Here are some extra exercises you can do if you get time. or after the lab if you are interested.

### 💡 **Exercise (extra)**

* Try applying the network to other images with other noise standard deviations.
* How are the results?

### 💡 **Exercise (extra)**

* To improve the performance of the network for other noise distributions, you can try to randomly sample the noise standard deviation during training.
* Add an option in the `DenoisingDataset` for this.
* Note that the `add_noise` function has an optinal parameter for the standard deviation.

### 💡 **Exercise (extra)**

* Try making the network deeper by adding additional layers in the middle.

### 💡 **Exercise (extra)**

* Replace SGD with the more recent [Adam optimizer](https://pytorch.org/docs/stable/optim.html?highlight=adam#torch.optim.Adam).

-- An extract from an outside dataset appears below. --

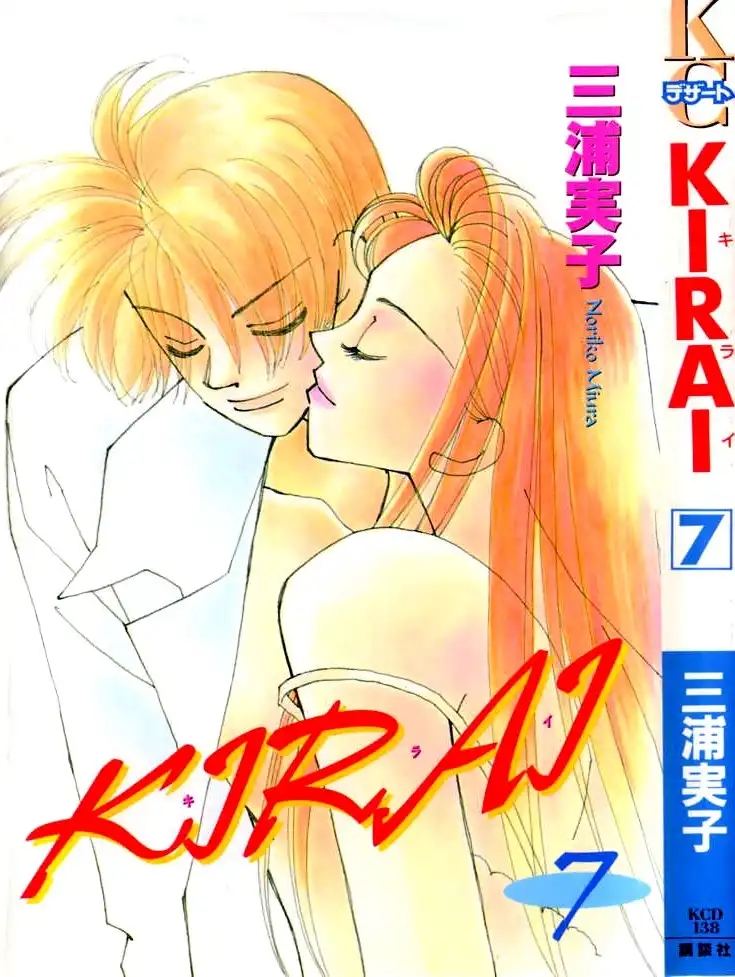 Kirai Chapter 31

### 💡 **Exercise (extra)**

* Try changing to a [Leaky Relu activation](https://pytorch.org/docs/stable/generated/torch.nn.LeakyReLU.html?highlight=leaky%20relu#torch.nn.LeakyReLU).

### 💡 **Exercise (extra)**

* Integrate a learning rate scheduler that decreases the learning rate for each epoch.
* Use, for example, the [StepLR](https://pytorch.org/docs/stable/optim.html?highlight=schedule#torch.optim.lr_scheduler.StepLR).